Now, to be clear, those values by themselves will not help you understand how to use GPU with your own or with any other third-party models. However, later on, we’ll inspect what Ollama deployed and that will enable us to deduce what we should specify if we’d like to use GPU with virtually any application or any model since the logic is always the same.

Let’s apply the chart.

helm upgrade --install ollama ollama \
    --repo https://otwld.github.io/ollama-helm \
    --values ollama-values.yaml \
    --namespace ollama --create-namespace --wait

The output is as follows.

Release "ollama" does not exist. Installing it now.
NAME: ollama
LAST DEPLOYED: Mon Aug 19 00:23:35 2024
NAMESPACE: ollama
STATUS: deployed
REVISION: 1
NOTES:
1. Get the application URL by running these commands:
  http://ollama.35.229.75.73.nip.io/

Now comes the important part. Since all the changes we should do to make containers in Pods use GPU are in the manifest of those Pods, we can inspect a Deployment Ollama created. Since that Deployment creates a ReplicaSet which creates the Pods, that should give us a clue as to what we should do to use GPUs.

kubectl --namespace ollama get deployment ollama \
    --output yaml | yq .

The output is as follows (truncated for brevity).

apiVersion: apps/v1
kind: Deployment
metadata:
  ...
  name: ollama
  ...
spec:
  ...
  template:
    ...
    spec:
      containers:
        - env:
            ...
            - name: NVIDIA_DRIVER_CAPABILITIES
              value: compute,utility
            - name: NVIDIA_VISIBLE_DEVICES
              value: all
          ...
          resources:
            limits:
              nvidia.com/gpu: "1"
          ...
      tolerations:
        - effect: NoSchedule
          key: nvidia.com/gpu
          operator: Exists
      ...

The first thing you’ll notice are environment variables NVIDIA_DRIVER_CAPABILITIES and NVIDIA_VISIBLE_DEVICES. The first one specifies that GPU should accelerate compute and utility. We could have specified that it should accelerate video as well but, since Llama2 model does not support video, there is no need for that one. We could set it to all if we’re too lazy. That’s what is used with NVIDIA_VISIBLE_DEVICES which specified which devices will be injected by the NVIDIA Container Runtime.

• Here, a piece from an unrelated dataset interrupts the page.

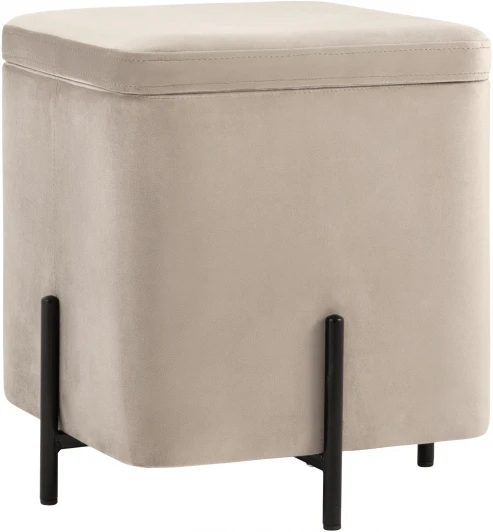 УТ000035894 Пуф Грейс квадрат с ящиком велюр серо-бежевый УТ000035894
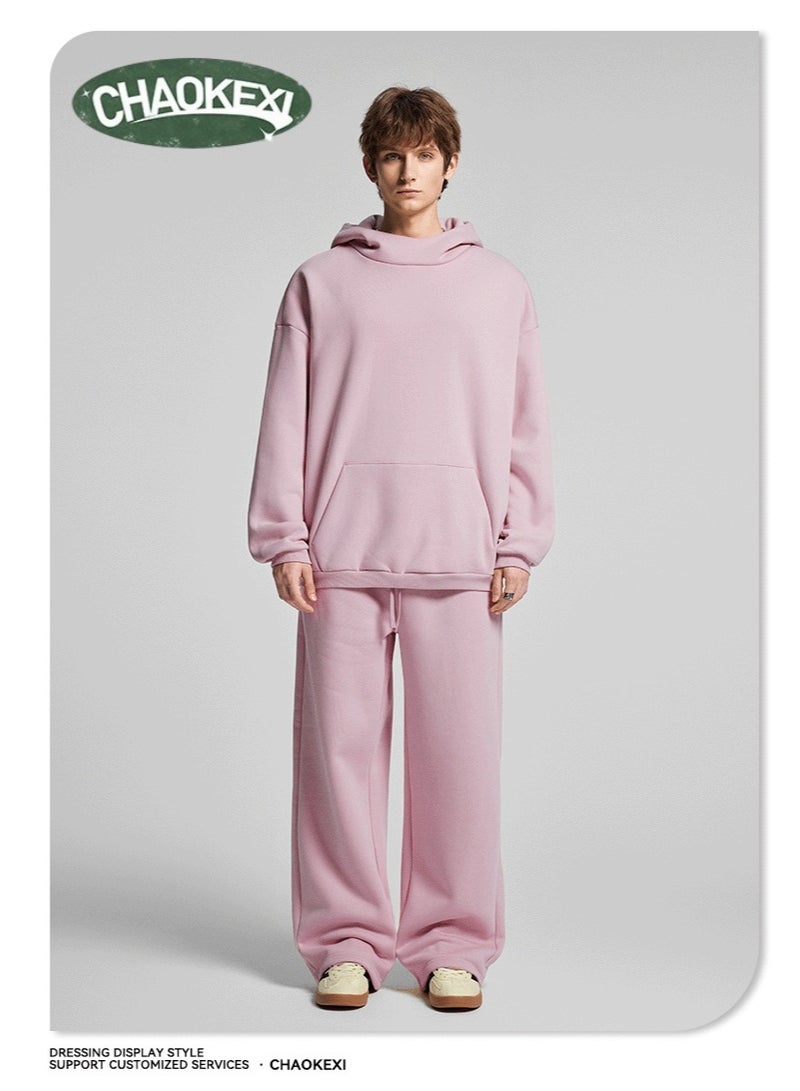 CHAOKEXI American Retro Men's Fleece-Lined Hoodie Set, Autumn/Winter Street Style Loose-fitting Hoodie Two-Piece Set, Sporty Casual High-Neck Warm (Pink) - Image 1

Those environment variables are not that important. What is important is that limits in resources is set to use maximum 1 nvidia.com/gpu. That should be self-explanatory. I can’t affort more than one GPU so that’s what I’m using.

Finally, we have tolerations which, in general, allow us to tell the scheduler to place Pods only on nodes with matching taints. In this case, we’re telling it to place the Pods with the model only on nodes that have the key set to nvidia.com/gpu. That’s the same key that was set to the nodes of the node pool with GPUs we created earlier. As a result, it is clear to Kubernetes that the Pod with Llama2 model should run only on specific nodes, on those with GPUs.

Since those instructions were set to the Deployment template, the end result is that we have a Pod running in the only node with GPU and is using that GPU to accelerate calculations.

Now we can use the local ollama client to communicate with the model running in the cluster. To do that, first we’ll define the environment variable OLLAMA_HOST to point to the Ingress endpoint,…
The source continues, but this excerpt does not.